When you upload an image to Tumblr, it renames the file with a hash and the image size, to something like “tumblr_llfz9dzXbY1qcdvqyo1_500.png”.
And because I’d been less than organized when creating the entries initially, it was time to reap what I’d sowed. I had to manually rename every image. Fortunately, there were only about 75 entries at the time, but that still took a few hours to get everything straightened out.
Getting the posts into WordPress
Importing the entries from the WXR file was simple: just a few clicks and all of the entries were in WordPress.
The next part was a bitch: I had to manually associate each image with an entry. It wasn’t hard work, just tedious, and was unable to be scripted for a few reasons:
- I wanted the file names to contain the search terms rather than the caption
- Tumblr’s image posts don’t allow for metadata or anything other than a caption and tags
- I hadn’t considered the possibility that I would want to leave Tumblr in the future
At any rate, I decided that scripting a solution likely would have taken longer than just manually renaming files since there were less than 100 at the time.
Rewriting URLs
Tumblr post URLs follow this pattern: /post/[post-id]/[post-slug (image caption)]. The post-id is unnecessary, so I planned to leave it out of the URL entirely (though tumblr2wp offers the option to have URL formatted like [post_id]-[post-slug]).
Apache’s mod_rewrite to the rescue: requests for /post/[post-id]/[post-slug] get a 301 redirect to /post/[post-slug]. Problem solved.
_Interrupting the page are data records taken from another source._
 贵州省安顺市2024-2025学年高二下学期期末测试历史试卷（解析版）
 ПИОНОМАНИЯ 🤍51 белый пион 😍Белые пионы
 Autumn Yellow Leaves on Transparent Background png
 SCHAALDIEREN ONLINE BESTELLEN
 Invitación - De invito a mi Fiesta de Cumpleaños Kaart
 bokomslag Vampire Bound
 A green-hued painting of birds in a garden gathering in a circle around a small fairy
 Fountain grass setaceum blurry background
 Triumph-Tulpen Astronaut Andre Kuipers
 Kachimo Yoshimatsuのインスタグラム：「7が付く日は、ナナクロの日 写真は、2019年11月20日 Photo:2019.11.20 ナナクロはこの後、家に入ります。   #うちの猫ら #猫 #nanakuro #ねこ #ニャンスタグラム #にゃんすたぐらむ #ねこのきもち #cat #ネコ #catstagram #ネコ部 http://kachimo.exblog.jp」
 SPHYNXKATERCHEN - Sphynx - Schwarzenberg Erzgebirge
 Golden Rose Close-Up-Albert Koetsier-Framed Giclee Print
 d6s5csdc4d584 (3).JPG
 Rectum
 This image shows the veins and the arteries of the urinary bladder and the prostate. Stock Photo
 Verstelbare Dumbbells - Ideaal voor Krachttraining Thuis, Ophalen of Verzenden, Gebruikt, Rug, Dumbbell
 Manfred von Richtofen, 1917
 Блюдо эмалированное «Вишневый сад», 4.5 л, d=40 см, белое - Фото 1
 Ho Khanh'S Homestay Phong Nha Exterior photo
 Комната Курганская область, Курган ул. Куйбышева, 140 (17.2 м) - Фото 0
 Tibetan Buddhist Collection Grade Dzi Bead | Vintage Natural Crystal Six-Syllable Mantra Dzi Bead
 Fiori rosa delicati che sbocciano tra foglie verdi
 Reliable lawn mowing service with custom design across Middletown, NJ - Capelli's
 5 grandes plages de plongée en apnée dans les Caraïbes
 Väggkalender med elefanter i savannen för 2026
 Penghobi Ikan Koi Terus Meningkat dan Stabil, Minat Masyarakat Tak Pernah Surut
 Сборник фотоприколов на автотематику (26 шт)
A note: Tumblr will handle requests for /post/[post-id] just the same as /post/[post-id]/[post-slug] — because the Permalinks that Tumblr generates have the slug in there (at least the ones I saw), I made the assumption that requests to WordPress for /post/[post-id] could be 404’d. So far this has not been a problem for me.
Lessons learned
It’s hard to actually be mad at Tumblr — they offer a pretty great service for free that’s spawned hundreds, if not thousands, of pretty successful tumble logs. But if your content is important to you, and you don’t like putting all of your data-eggs in one basket, the experience can be frustrating. There’s not a great way to move to another service, particularly for users who are less technically adept than I am.
All that said, I’d seen the shortcomings of Tumblr (for this project, at least) only a few weeks into my project — losing track of what I’d already posted because I couldn’t FTP in to see a list of files, or even look at a file manager.
It all comes back to how important you think your content is. If you would like one day to be able to leave Tumblr, well, I’d think twice before you posted another entry. Each new post pushes you a little further down that rabbit hole, and the deeper you are, the harder it is to climb (or dig) your way out.